Молотов (Помяловский) - страница 19

Молотов пожал плечами.

— Зачем же ты собираешь их около себя?

— Разве не видишь, что веселенький пейзажик выходит? Надо же чем-нибудь утешать себя.

Молотов опять пожал плечами.

— Михаил Михайлыч, — сказал Касимов, подходя к нему. — А, Егор Иваныч, — сказал он, — извините, я вас и не заметил в дыму.

Поздоровались.

— Что вам угодно? — спросил Череванин.

— Я хочу идти в художники...

— Так что же?

— Как посоветуете?

— Ступайте.

— Ей-богу, ничего не может быть лучше жизни художника: свобода, вино, женщины и друзья!

— И картины... — прибавил Череванин.

— Только не знаю, есть ли у меня талант.

— Все же будете принадлежать к числу художников, и у вас будет свобода, вино, женщины и друзья...
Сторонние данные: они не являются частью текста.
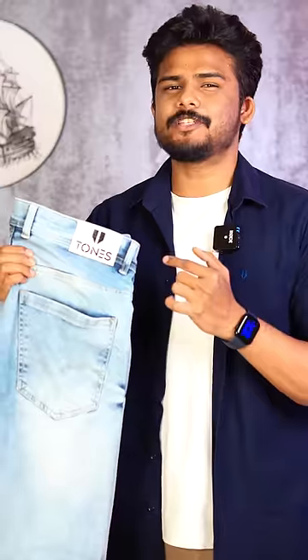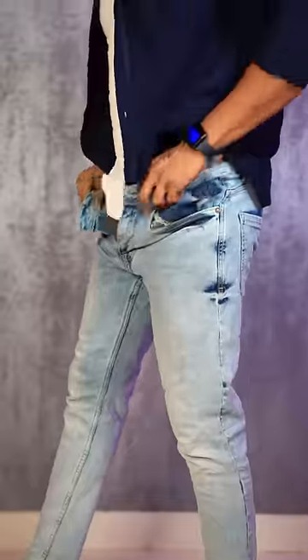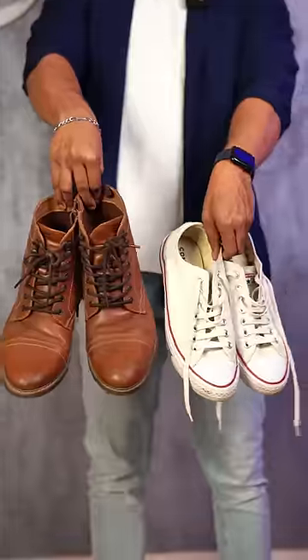You can wear brown pants, but this is a light blue denim jeans — next level. White sneakers and boots are both options. Boots give a winter vibe, but white sneakers give a summer vibe. So let's wear white sneakers.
Касимова отозвали пирующие.

— Веришь ли, что я из этого господина могу сделать хоть сейчас краскотера? И все они таковы: это люди подражательные, юноши без всякого содержания. Он как родился не потому, что хотел того, а пожелали мамаша с папашей, так и все потом делал, потому что люди это делают. Между тем Касимов умеет острить, как ты слышал, но всегда впадает в чужой тон; вообще он неглуп, у него есть ум, но не свой. Смолоду такие люди всегда подают надежды. У них ничего нет за душой, кроме впечатлительности. Поживши с угрюмым человеком, Касимов совсем отвык от улыбки; с рыцарями — он рыцарь, с франтами — франт, среди ученых корчит глубокомысленную рожу. Однажды он вздумал идти в монахи, потому что наслушался какого-то старика о развращении рода человеческого; а через месяц он уже был отчаянным франтом. Заклятый ненавистник брака, пока холост, а женится — попадет под башмак жены. Человек с небольшим характером и какой-нибудь оригинальной выправкой может заставить их сапоги себе чистить. Противно смотреть на них, так они льнут в глаза и точно в губы поцеловать хотят. Словом, народ сопливый. Он всегда находится под влиянием последней прочитанной статейки. Сегодня он кричит: «Индейцы англичан раскатали»; завтра: «Гумбольд умер»; послезавтра: «Прочитайте «Манон Леско», очень развратная книжка», — и нигде ничего не понимает, всегда с чужого голоса поет. Когда пошла обличительная литература, тогда он с благоговейным страхом говорил: «Вот отчаянные-то головы!.. что пишут!.. и не боятся!» Попавшись за увлечения впросак, он вдруг хвост опускает, робеет и, не зная, что делать, иногда плачет и богу молится, не понимая, что ж это за напасть на него. Когда же их поймают в минуту растерянности и станут стыдить, то они без зазрения совести умеют напустить на себя рысь дурака: «Эх, господа, полно смеяться, я сам знаю, что я глуп; что ж делать, если бог ума не дал», — и врет, каналья: он вовсе не глуп, а просто не хочет шевельнуть мозгами, разобраться, наконец, во что он верит и не верит. Вот я и потешаюсь. Надоедят, запру двери, и делу конец.